Wednesday, July 22, 2009

about kristi ong.. xD

haha.. this is about my fren from FS i know her de.. xD she wants me to write her wo.. xD hmm.. she is a very nice girl.. quite funny also.. and also quite a high temper person.. ;x.. she angry me around 2 times... xD she very gd at tennis leh.. if i go play wif her.. sure kena hit oni.. xD she is a sporty kind de.. xD and she have a cute bf ;x haha.. xD alwiz tell me about him.. xD her bf is a nice guy too... and both quite match lar.. wakakaka... xD

(Kristi dun angry o.. xD )

Wyncent =)

quite a nice day xD

today.. i oni have math class.. haha.. this lecturer is damn nice.. xD his very young to be a lecturer.. i guess his oni 29.. haha.. but he taught like quite experienced.. not very very experience tt type lar.. haha.. i prefer go his class compare to business class.. xD cos that class is too boring leh.. hehe...
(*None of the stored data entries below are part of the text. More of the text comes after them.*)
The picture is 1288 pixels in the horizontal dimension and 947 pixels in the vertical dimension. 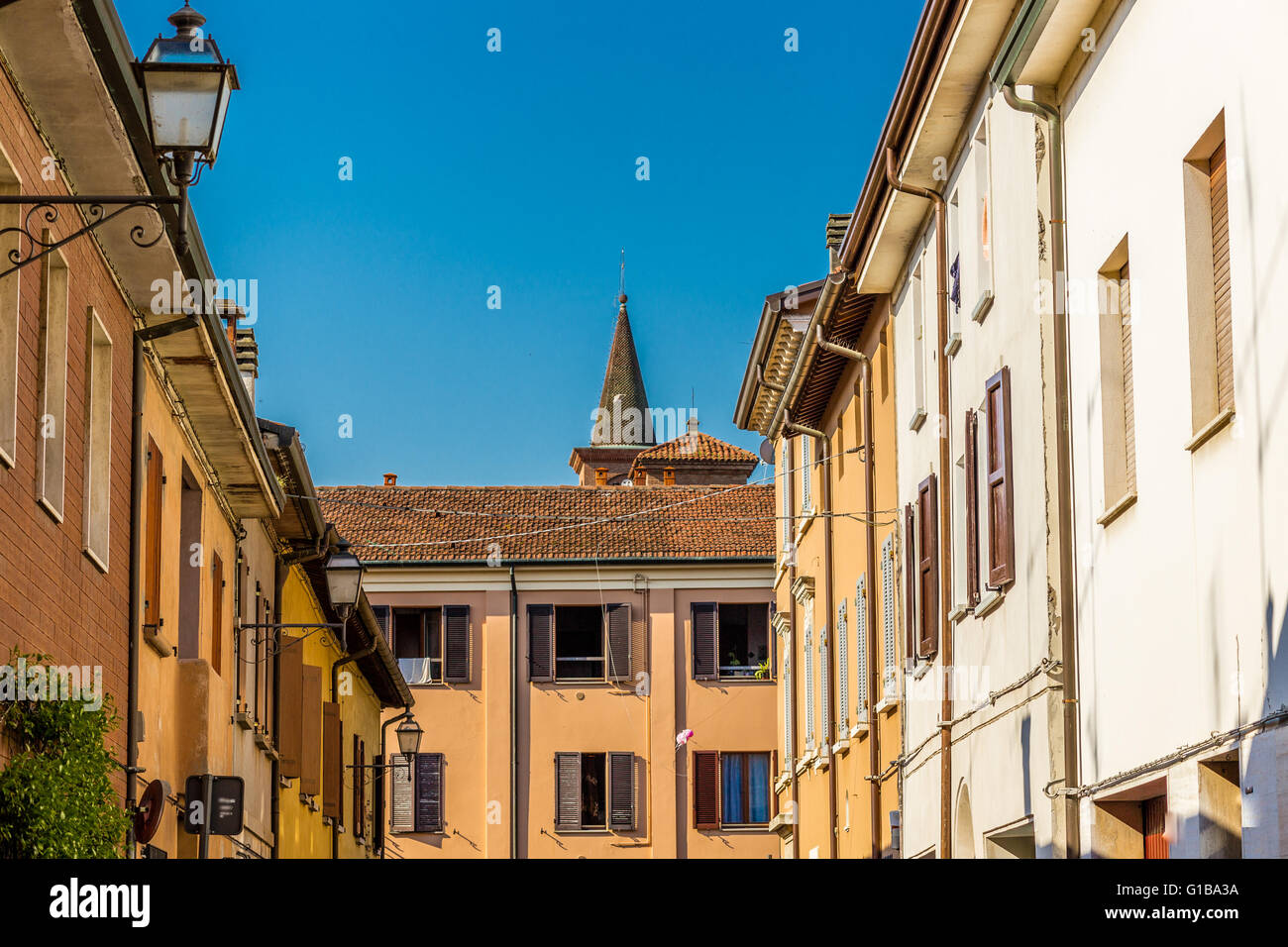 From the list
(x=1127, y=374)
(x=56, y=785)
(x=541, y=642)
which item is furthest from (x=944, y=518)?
(x=541, y=642)

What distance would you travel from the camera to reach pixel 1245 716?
30.1 ft

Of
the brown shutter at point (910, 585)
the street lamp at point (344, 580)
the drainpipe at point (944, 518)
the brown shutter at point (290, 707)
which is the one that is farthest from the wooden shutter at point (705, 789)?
the drainpipe at point (944, 518)

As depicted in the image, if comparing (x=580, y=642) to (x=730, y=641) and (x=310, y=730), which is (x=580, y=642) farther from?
(x=310, y=730)

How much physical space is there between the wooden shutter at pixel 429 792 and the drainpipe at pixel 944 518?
2753 cm

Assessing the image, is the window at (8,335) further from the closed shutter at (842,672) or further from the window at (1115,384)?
the closed shutter at (842,672)

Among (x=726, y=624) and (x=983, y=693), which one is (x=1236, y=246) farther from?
(x=726, y=624)

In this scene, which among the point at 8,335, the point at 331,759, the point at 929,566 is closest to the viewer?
the point at 8,335

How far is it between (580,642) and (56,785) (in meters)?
35.3

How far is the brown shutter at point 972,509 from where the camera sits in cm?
1570

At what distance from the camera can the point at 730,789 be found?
4359 centimetres

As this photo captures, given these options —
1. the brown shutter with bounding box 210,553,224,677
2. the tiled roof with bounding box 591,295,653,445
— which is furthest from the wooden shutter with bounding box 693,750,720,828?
the tiled roof with bounding box 591,295,653,445

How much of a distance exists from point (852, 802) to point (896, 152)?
9415 millimetres

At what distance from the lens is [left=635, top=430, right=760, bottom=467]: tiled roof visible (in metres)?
55.2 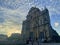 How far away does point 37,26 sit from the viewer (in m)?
38.8

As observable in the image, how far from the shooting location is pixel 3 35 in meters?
45.4

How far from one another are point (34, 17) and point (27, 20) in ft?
12.8

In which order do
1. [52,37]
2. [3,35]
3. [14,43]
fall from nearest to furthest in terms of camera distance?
[52,37] < [14,43] < [3,35]

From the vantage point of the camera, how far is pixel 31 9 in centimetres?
4166

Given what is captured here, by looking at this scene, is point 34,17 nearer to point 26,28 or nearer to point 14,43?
point 26,28

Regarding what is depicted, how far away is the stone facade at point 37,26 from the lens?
33250mm

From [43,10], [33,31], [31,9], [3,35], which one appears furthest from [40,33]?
[3,35]

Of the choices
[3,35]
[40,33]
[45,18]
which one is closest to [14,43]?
[40,33]

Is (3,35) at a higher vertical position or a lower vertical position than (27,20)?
lower

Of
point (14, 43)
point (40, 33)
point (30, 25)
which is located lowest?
point (14, 43)

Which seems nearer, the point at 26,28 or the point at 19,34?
the point at 26,28

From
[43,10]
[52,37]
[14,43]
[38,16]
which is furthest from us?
[38,16]

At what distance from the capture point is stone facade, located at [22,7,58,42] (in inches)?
1309

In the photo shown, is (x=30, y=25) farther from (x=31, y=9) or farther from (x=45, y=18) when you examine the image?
(x=45, y=18) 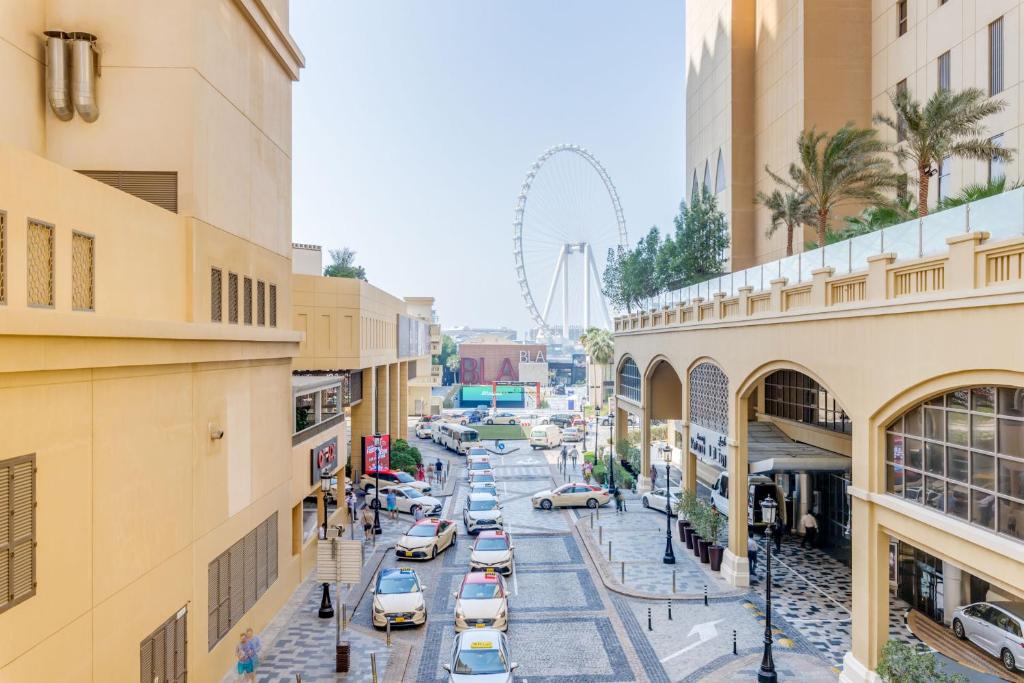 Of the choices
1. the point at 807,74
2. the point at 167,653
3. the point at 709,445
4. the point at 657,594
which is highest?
the point at 807,74

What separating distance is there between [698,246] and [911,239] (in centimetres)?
3505

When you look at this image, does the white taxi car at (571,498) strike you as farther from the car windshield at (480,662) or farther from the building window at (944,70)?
the building window at (944,70)

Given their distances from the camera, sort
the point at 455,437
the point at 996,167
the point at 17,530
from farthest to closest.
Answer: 1. the point at 455,437
2. the point at 996,167
3. the point at 17,530

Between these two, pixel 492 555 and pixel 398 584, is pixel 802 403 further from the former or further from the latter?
pixel 398 584

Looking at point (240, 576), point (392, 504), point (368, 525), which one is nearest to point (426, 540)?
point (368, 525)

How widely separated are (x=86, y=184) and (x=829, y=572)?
24809 mm

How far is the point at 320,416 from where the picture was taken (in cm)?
2652

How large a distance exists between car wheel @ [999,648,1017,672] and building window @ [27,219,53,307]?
2042cm

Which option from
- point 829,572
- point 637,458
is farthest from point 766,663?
point 637,458

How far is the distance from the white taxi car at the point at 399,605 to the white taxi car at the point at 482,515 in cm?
978

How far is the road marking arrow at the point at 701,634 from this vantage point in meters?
17.6

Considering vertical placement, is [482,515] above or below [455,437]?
above

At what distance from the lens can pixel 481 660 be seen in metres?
15.1

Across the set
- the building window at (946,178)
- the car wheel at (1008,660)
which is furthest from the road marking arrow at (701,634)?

after that i went back to CHS to play squash again... haha.. damn shiok today.. better than monday.. xD so next time im oni going back there at Wed and Friday.. xD cos monday less ppl stay back.. very boring leh.. xD and i fetch my cousin back home.. haha... duno how he feel about my driving skills.. xD

wa.. today my mom.. lol.. still the same lur.. still angry on me.. but.. haiz.. my fault again.. everytime i argued with my mom.. my mom sure will tell my dad and asked him to scold me.. and she really did it... == my dad came and scolded me.. say wat wat lar.. haha.. that time i juz woke up from sleeping... so i was blur blur.. juz let him scold scold lor.. xD hope tis will over lar.. cos very sienz la.. alwiz scold.. wat to do.. parents have right to scold us.. haizz.. ok lar.. this the end of today.. hehe.. XD

Wyncent =)

Tuesday, July 21, 2009

1st blog on this web.. xD

haha.. today's life, not bad.. hehe.. still manage to get it =) but today is damn tired man.. cos yesterday i woke at 4am, why? becos i nid to draw the renderings and practice about drawing, as Puan Yati (lecturer) says and yesterday, i was exercising the whole day, haha.. after class, i went to my secondary school to play squash with my old frenz.. xD quite fun and exciting, and badminton also.. and then i drive back. After that i went out again to play badmintonn with my dad's frenz and my cousin.. haha.. again.. but that time my hand is already not much energy.. but still manage to play.. xD my dad is too strong, he keep let me run and stretch my backbone.. haha.. thats why is so tired. and then back home i straight sleep at 12 but normally is slept at 3 somthing lar.. haha.. then i woke up as i said juz now. Then, today.. after college, i very sleepy and i slept at my room lo.. until 9pm =P then i woke up and bath or those, eat.. haha.. and i also go dian xiang, which is praying in buddhistsm, cos when night we have to pray and 9pm must pray again.. haha.. then i went up.. 11pm, my mom scold me... =.=

why she scold me? =.= she said.. i sleep until too late, and i pray so late cos i play at 10pm usually is 9pm... so? its juz 1 hour.. and when she was cleaning the table of the guan yin, she have lao hua.. she din saw the joystick haven finish burned, and she used her and accidentily touched it.. means burned her hand a little la.. and she blame me for praying late.. == ok that nvm.. and later, ytd i asked her to wake me at 4.30am mar.. then i tell her i sleep at 12.. but i 12.10 haven sleep.. she scolded me and said she wont wake me up, then i juz.. fine la.. i have hp de alarm.. nvm lo.. but she wake me up at 4am.. =.= and then juz now she scolded me for not giving her good sleep... WTH? u said u dun wanna wake me.. and urself wake.. =.= i din force u to.. == and u said u dun wanna wake.. now u wanne wake ur own.. i know is for myself good.. but i tot she said she dun wanna wake me.. wake already and blame me.. wat the hell is this???? OMG.. and then later.. she scolded me for not respecting her... wat da?? i already shut up and let u scold.. wat i din respect u? Zzz.. like tt also can say me? then she told me she wont wake me up unless i told her wat time is my class start or wat time i wanna wake up.. then i talk loudly in my room : " 12pm ".. is obviously that she can hear cos her room juz in front of my room and she is opening the door... but she said she cant hear any words.. == then she close the door.. so i juz ignore her or let her be la.. then she scolded me again.. say i not respect her and i shud get out of this house and im not her son! WTH????? what i did wrong o? Zzzzzz... then i juz ignore her and went back to my room, and she bang the door hardly.. the end... LOL..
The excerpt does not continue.